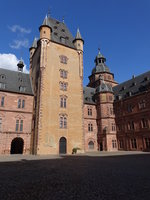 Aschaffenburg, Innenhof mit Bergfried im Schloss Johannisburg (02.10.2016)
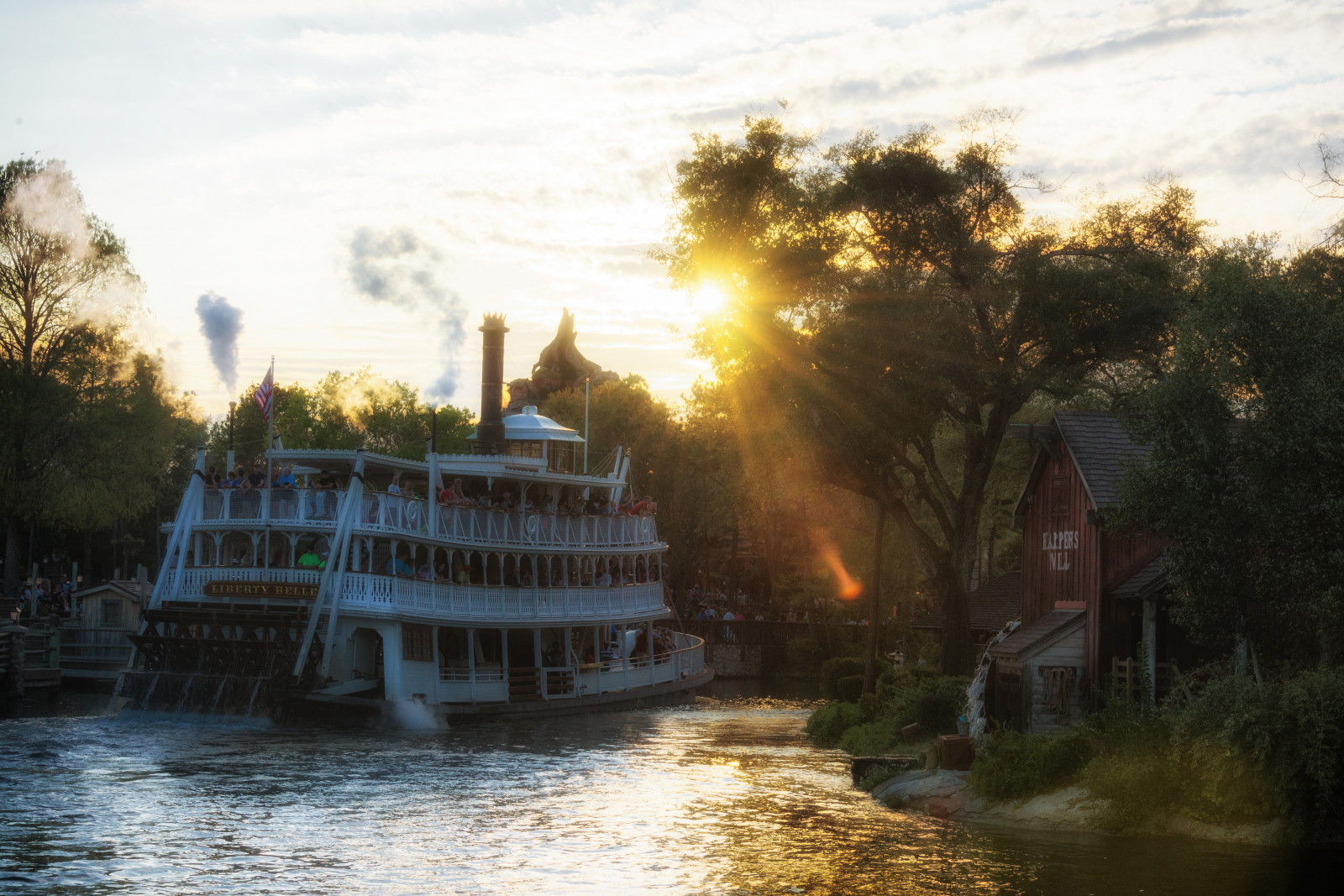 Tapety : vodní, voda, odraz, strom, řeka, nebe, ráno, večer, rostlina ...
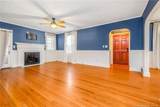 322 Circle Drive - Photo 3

#### About this exercise:
Line by line, reproduce exactly the lines from the one containing "večer, rostlina ..." through the final line of the material, both included, leaving every picture out.

#### Result:
 Tapety : vodní, voda, odraz, strom, řeka, nebe, ráno, večer, rostlina ...
 322 Circle Drive - Photo 3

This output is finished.